Project Gutenberg
The Project Gutenberg is a project gathering public domain books in different language, its web site is http://www.gutenberg.org. The purpose of this project is to create a sustainable solution to create a ZIM file providing the Gutenberg project ebooks in the similar manner like gutenberg.org
Goals
- A script (python/perl/nodejs) able to create quickly a ZIM file with all books in all languages.
- The data should be scraped from www.gutemberg.org.
- The texts should be available in HTML and EPUB.

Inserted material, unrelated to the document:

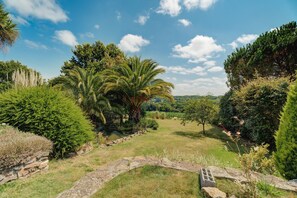 Un jardín con un camino de piedra, diversos árboles y un cielo despejado.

- The ZIM should provide a simple filtering/search solution to find content (by author, language, title, ....)
One way to achieve it
- Retrieve the list of books is published by the Gutenberg project in XML/RDF format
- Parse the XML/RDF and put the data in a structured manner (memory or local DB)
- Download the necessary HTML+EPUB data from Gutemberg.org based on the XML/RDF Catalog in a target directory
- Create the necessary templates of the index web pages (For the search/filter feature, a javascript client side solution should be tried)
- Fill the HTML templates with the data from the XML/RDF and write the index pages in a target directory
- Run zimwriterfs to create the corresponding ZIM file of your target directory
First investigation results
Work done by didier@google.com and cniekel@google.com
The RDF index is at http://www.gutenberg.org/cache/epub/feeds/rdf-files.tar.bz2
wget works, contains 30k directories with each an rdf-file: every directory has 1 file with the rdf-description of one book.
Emmanuel suggests the scraper should download everything into one dir, then converting the data into an output dir, then zim-ifying that directory.
- Getting data
Gutenberg supports rsync ( rsync -av --del ftp@ftp.ibiblio.org::gutenberg /var/www/gutenberg ) so using that to get data seems most simple. In 2011, the archive was 650GB. That was source, the generated data: rsync -av --del ftp@ftp.ibiblio.org::gutenberg-epub /var/www/gutenberg-generated
If I cd gutenberg-generated, there is stuff like: ./10126/pg10126.rdf ./10126/pg10126.mobi ./10126/pg10126.xapian ./10126/pg10126.plucker.pdb ./10126/pg10126.qrcode.mobile.png ./10126/pg10126.log ./10126/pg10126.txt.utf8 ./10126/pg10126.qrcode.desktop.png ./10126/pg10126.epub ./10126/pg10126.txt.utf8.gzip ./10126/pg10126.converter.log ./10126/pg10126.qrcode.png ./10126/pg10126.qioo.jar
To get epub+text+html, you'll need both rsync-trees, which seems quite inconvenient.
So a caching fetch-by-url seems more convenient, the rdf-file contains the timestamp, which could be compared so updates to a book will be caught.
So a on-disk-caching, robots-obeying url-retriever needs to be made/reused. If you can somehow filter which books to fetch (language-only, book-range), that will be convenient
- Converting data
...
- Zimming
one of the rdflib readers for python: https://github.com/RDFLib/rdflib.git
The best Goobuntu packaged option seems to be: python-rdflib
Building zimwriterfs
sudo apt-get install libzim-dev liblzma-dev libmagic-dev autoconf automake git clone git://git.code.sf.net/p/kiwix/other kiwix-other cd kiwix-other/zimwriterfs/ ./autogen.sh ./configure make sudo make install
gives you
/usr/local/bin/zimwriterfs
Driver steps
rsync -av --del ftp@ftp.ibiblio.org::gutenberg-epub /var/www/gutenberg-generated
copy-data-to-outputdir
build-index